Gli Esami di Stato dovrebbero essere la festa della scuola e della cultura e, per docenti e presidi, l’occasione di dimostrare di saper vivere quello scampolo di collegialità ancora rimasto.
Un’autentica festa della scuola e della cultura dove tutti sono invitati a partecipare. L’occasione ove tutti possono capirci qualcosa di più delle discipline di studio e del perché si insegnano e essere portati a dibattere cosa fa la scuola, che cosa effettivamente trasmette, con quanta efficacia sa farlo e con quale serietà e competenza sa accertarlo e valutarlo. In definitiva un momento che, per le dimensioni del fenomeno e il numero dei soggetti interessati, il Paese ha a disposizione per mostrare la sua maturità, la sua cultura, l’insieme degli atteggiamenti e delle abitudini dominanti, in quale conto tiene l’istruzione e l’educazione dei suoi cittadini e dunque la scuola e per verificare quale è la coerenza e la bontà del sistema d’istruzione che ha costruito.

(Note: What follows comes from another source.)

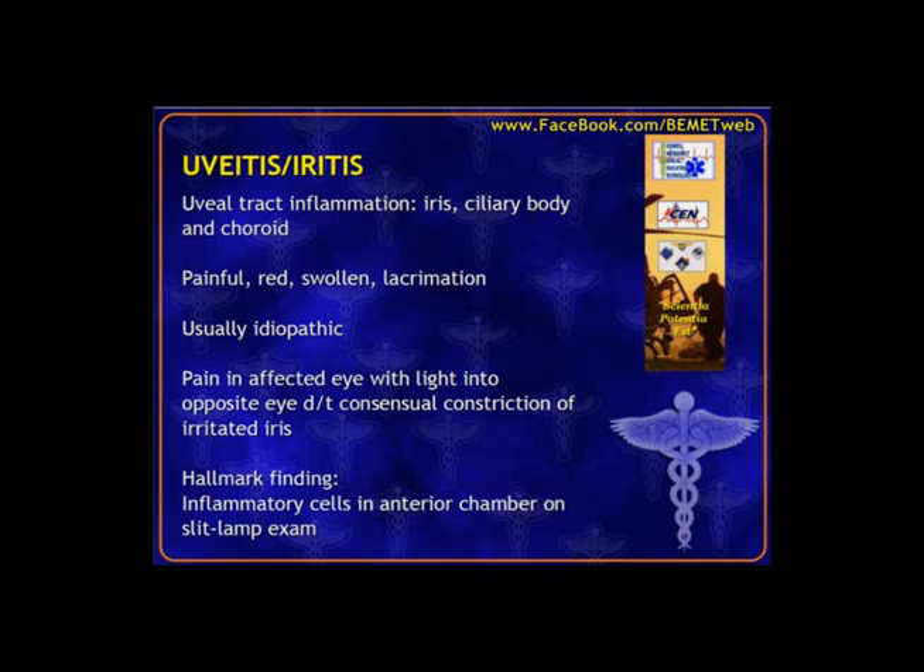There's no discharge with uveitis — what appears to be discharge is likely just increased tearing. You can shine a light into the normal eye, and it can cause pain in the affected eye because when one eye constricts, both constrict, and it's that movement of the inflamed ciliary bodies that causes pain. Using the slit lamp, you can actually see inflammatory cells in the anterior chamber — that's the textbook answer. Without treatment, glaucoma, cataracts, or macular dysfunction may result. Ophthalmology should be involved and follow-up should occur within 24 hours.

Questo in linea teorica! Sul piano pratico le cose vanno molto diversamente.
Gli esami sono vissuti male, ci si prepara poco e se ne discute altrettanto poco. Domina la superficialità. La questione è così seria che imporrebbe altro impegno, altra mobilitazione di risorse e intelligenze; ma i limiti sono tanti e la fretta dominante non lo consente! E così anche la nostra Stampa nazionale, regina di superficialità, ne tratta poco e male. Eppure non può continuare a essere così, anche perché l’intero sistema dell’istruzione e della formazione, costruito sull’autonomia delle istituzioni scolastiche, rafforza e potenzia la funzione degli esami. Occorre dunque almeno restringere il divario tra teoria e realtà.

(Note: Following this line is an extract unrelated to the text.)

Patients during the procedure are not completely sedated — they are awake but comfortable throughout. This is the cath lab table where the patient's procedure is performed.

A preoccuparsene devono essere principalmente le scuole e l’Amministrazione Centrale. Agli esami, alla loro organizzazione e preparazione, devono cominciare a prestare maggiore attenzione discutendone già ad inizio d’anno scolastico e non solo alla sua conclusione, nel momento del rito celebrativo. Parlare di esami significa, tra l’altro, parlare dei contenuti disciplinari a cui tende l’azione didattica dei docenti, ovvero dei risultati di apprendimento da conseguire a conclusione di un ciclo di studi. Significa cioè parlare di ciò che si insegna e che si dettaglia in un programma e che fino a ieri era stabilito a livello nazionale dai programmi ministeriali. Teoricamente prescrivevano per tutti cosa insegnare.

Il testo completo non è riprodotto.